I am not one of those longing for that yesterday. That is because that yesterday involved an act of deliberate denial. As was all too obvious to some, the reality was that our troubles never went away. They could have done, but they did not. And the reason for that was that we have a government that promoted denial to further its own political gains.

It chose to let the delta variant into the UK knowing that open travel to India would inevitably have this consequence.

It chose to tell the country that reopening was inevitable, and irreversible when it was already apparent that there was nothing inevitable about reopening and that any such attempt to do so was likely to be short lived, as is now the case.

The government also chose, despite all the warnings, to miss opportunities to restrict mass spreading of the disease by properly ventilating schools, keeping masks in place in them and by properly testing, tracing, and supporting those impacted. Instead it chose to deliberately let the disease spread.

That the UK's position on Covid is so aberrational is not chance. The demand for ‘freedom', echoed (and no doubt soon to be denied) by the prime minister in his rhetoric on reopening has simply been a demand to have the right to infect others. It is as such the antithesis of real freedom.

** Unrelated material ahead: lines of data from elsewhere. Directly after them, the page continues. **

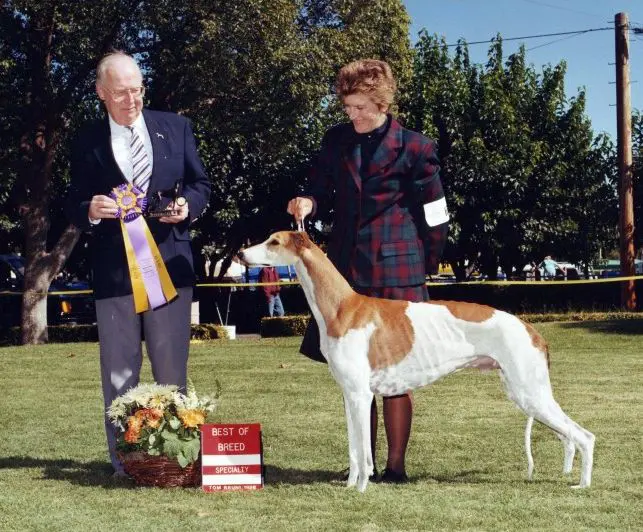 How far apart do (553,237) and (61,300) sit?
15465mm

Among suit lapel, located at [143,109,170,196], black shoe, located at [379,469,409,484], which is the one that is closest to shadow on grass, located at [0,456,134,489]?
black shoe, located at [379,469,409,484]

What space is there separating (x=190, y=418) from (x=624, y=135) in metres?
23.8

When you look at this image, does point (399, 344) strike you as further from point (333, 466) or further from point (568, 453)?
point (333, 466)

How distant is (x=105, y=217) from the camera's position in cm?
596

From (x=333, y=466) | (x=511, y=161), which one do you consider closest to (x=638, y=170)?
(x=511, y=161)

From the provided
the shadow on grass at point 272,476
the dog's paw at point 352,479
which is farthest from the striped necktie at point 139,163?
the dog's paw at point 352,479

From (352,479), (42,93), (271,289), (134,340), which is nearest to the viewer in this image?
(352,479)

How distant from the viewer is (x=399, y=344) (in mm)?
5551

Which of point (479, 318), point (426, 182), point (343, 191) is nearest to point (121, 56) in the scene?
point (343, 191)

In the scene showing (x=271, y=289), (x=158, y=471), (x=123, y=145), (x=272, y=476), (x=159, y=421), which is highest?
(x=123, y=145)

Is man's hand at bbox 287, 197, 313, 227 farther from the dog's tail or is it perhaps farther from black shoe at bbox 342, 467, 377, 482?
the dog's tail

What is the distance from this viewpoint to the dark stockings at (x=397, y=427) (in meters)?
5.98

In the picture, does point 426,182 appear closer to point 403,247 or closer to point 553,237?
point 403,247

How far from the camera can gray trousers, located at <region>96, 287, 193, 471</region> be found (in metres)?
6.22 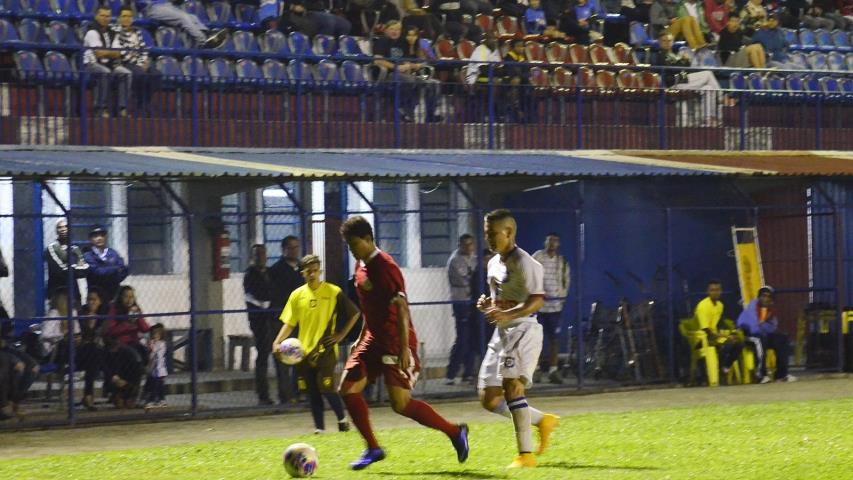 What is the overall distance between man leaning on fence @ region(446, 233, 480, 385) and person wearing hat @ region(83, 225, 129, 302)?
4140 mm

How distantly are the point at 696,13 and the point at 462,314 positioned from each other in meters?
12.3

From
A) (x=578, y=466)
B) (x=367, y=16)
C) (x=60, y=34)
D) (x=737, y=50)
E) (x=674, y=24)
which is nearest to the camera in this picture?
(x=578, y=466)

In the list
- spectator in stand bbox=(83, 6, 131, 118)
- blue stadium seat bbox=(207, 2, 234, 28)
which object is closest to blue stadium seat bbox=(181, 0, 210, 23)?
blue stadium seat bbox=(207, 2, 234, 28)

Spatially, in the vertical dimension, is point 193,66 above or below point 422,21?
below

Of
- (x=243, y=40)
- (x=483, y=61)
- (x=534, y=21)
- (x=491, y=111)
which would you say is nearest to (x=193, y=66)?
(x=243, y=40)

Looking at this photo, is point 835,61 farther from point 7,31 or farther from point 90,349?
point 90,349

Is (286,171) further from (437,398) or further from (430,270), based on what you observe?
(430,270)

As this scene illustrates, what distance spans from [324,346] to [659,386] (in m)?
6.78

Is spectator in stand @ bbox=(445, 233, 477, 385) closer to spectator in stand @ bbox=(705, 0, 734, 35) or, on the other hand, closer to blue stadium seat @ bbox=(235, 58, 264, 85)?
blue stadium seat @ bbox=(235, 58, 264, 85)

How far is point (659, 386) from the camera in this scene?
2033cm

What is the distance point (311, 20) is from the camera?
2417cm

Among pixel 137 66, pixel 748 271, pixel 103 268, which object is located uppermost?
pixel 137 66

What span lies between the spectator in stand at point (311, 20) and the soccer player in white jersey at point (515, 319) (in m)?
13.3

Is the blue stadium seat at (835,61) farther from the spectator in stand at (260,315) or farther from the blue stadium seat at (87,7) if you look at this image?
the spectator in stand at (260,315) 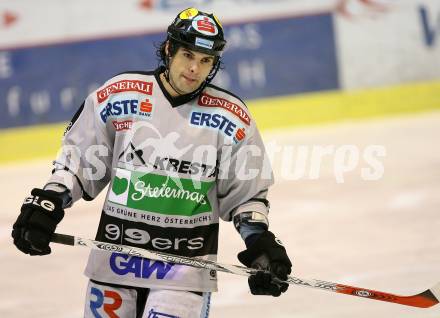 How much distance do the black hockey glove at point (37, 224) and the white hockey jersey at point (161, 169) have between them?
13 cm

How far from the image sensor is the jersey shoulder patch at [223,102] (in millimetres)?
3107

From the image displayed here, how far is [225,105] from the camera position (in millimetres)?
3117

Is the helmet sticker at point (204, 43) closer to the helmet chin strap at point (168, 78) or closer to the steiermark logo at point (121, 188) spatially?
the helmet chin strap at point (168, 78)

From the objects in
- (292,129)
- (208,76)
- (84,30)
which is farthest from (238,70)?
(208,76)

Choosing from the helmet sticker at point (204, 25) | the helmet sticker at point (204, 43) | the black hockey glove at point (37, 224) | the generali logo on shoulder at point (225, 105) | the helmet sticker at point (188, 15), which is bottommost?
the black hockey glove at point (37, 224)

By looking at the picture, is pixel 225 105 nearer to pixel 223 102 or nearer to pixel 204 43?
pixel 223 102

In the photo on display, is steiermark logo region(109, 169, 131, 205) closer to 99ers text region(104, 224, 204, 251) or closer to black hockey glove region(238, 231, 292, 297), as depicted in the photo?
99ers text region(104, 224, 204, 251)

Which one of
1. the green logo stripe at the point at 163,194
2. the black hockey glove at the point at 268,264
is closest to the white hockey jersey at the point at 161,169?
the green logo stripe at the point at 163,194

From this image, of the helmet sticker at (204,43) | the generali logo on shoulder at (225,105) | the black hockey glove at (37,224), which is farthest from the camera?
the generali logo on shoulder at (225,105)

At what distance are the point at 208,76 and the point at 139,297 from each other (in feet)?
2.50

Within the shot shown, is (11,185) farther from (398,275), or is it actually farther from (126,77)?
(126,77)

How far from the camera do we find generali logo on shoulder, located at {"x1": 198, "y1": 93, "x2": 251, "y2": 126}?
3.11 m

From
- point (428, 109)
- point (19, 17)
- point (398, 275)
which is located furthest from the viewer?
point (428, 109)

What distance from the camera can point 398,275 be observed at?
191 inches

It will also deliver the opposite of the economic growth that to which those proposing that ‘freedom' supposedly aspire. There are already reports of companies like Nissan being crippled by the number of staff off work because of delta. The same is true in hospitality and the NHS will probably only keep going because its very vulnerable staff will be turning their Covid apps off at work to minimise the risk of being told of having to quarantine.

All these possibilities were obvious to anyone willing to see. If it was all too easy for me to read about what was happening and come to the conclusion of this being a likelihood then there can be no excuse for the government having not done so. It really is that easy to point blame.

Establishing blame does not solve anything though, even if I hope that one day it will make the trials for negligence easier to pursue. What matters now is that action be taken.

Masks need to remain.

So does working from home.

And support for those shielding.

There has to be support for those required to quarantine.

And test and trace has to be brought under NHS control, once and for all, with all the cronyism swept aside.

International travel has to still be constrained.

And we should now be considering the places where mass spreading now so obviously takes place - which are most especially schools and universities - and think about what can be done to change their physical environments to make them safe places to be. Covid is airborne. The ventilation in such places has to change to make the supply of education a safe activity again.

Then the need to transform other communal space, by providing grants and other support, has to be next on the agenda, with the idea that the new normal is not the same as the old, and that much needs rethinking being a clear part of the message that has now to be delivered.

Longing for yesterday has been the government's policy. But yesterday was another country, another time, and another way of life that is no more. We have to appreciate that, and then adapt to it.

How many must die, be ill, or have long Covid before that is understood? How much damage to the economy, to jobs, to hopes, to well-being must there be before a message of adaptation is adopted? How much harm must be done by those demanding the freedom to abuse? When will we realise that it is only though change that we as a species have got to where we are and that change is demanded of us now, albeit that the change in question is, in the grand scheme of things, really rather small?

I wish I could answer those questions, because when we can we can solve this crisis. It seems we cannot as yet. Regret remains in play. Yesterday's thinking predominates. We need to move into today so that we might think about tomorrow. Then we have a chance. I just hope we can grab it.